A.B.F.Trois lettres qui interviennent lorsque l’on souhaite réaliser des travaux à proximité ou au sein d’un patrimoine protégé. Ces trois lettres raisonnent familièrement aux oreilles des architectes spécialistes ou des conservateurs du patrimoine. Elles sont le quotidien de l'instructeur, qui exerce son métier sur un territoire où le patrimoine est reconnu et protégé. Elles cristallisent les tensions du Parlement à chaque modification des textes de lois relatifs à l'architecture, à l'urbanisme, au patrimoine ou au logement. Elles apparaissent en signature d’un courrier répondant au projet de travaux d’un demandeur.


L’ABF donc.
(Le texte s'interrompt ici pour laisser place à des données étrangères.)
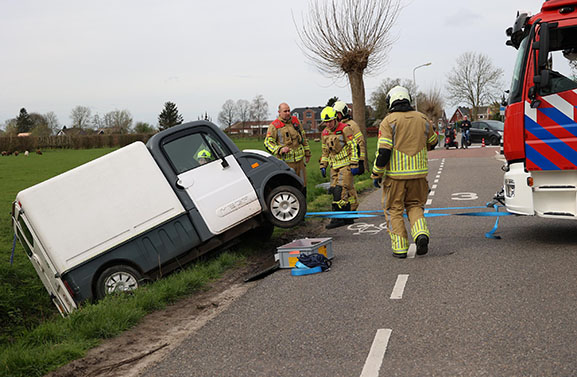 Brommobiel belandt in droge sloot in Schoonrewoerd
Qui est donc cet architecte qui s'occupe des "bâtiments de France" et non des "monuments historiques"? Quelle place occupe-t-il sur un territoire ? Appartient-il à la fonction publique de l’État ou de la Commune ?

Est-il un conseiller ou un « empêcheur de tourner en rond »? Pourquoi est-il tant redouté par certaines professions de la construction et par certains élus?

Plusieurs articles de notre blog apporteront des éléments de réponses à ces questionnements que tout interlocuteur de l'ABF peut se poser. Nous commençons ici par quelques jalons historiques.


L'architecte des bâtiments de France - ou l'#ABF - a eu, dès sa première mission, maille à partir avec ses détracteurs. En 1946, la création du corps d’État des ABF est une réponse à la naissance du périmètre de 500 mètres des #abords de monument historique. Ces nouveaux espaces ont besoin d’être surveillés. Les ABF endossent ce rôle.Ce périmètre est créé, en 1943, par un pouvoir exécutif fort, et unique décisionnaire par temps de guerre. Le Parlement n’a alors pas son mot à dire.

Les ABF sont donc d'abord des gestionnaires de ces ronds bêtes et méchants.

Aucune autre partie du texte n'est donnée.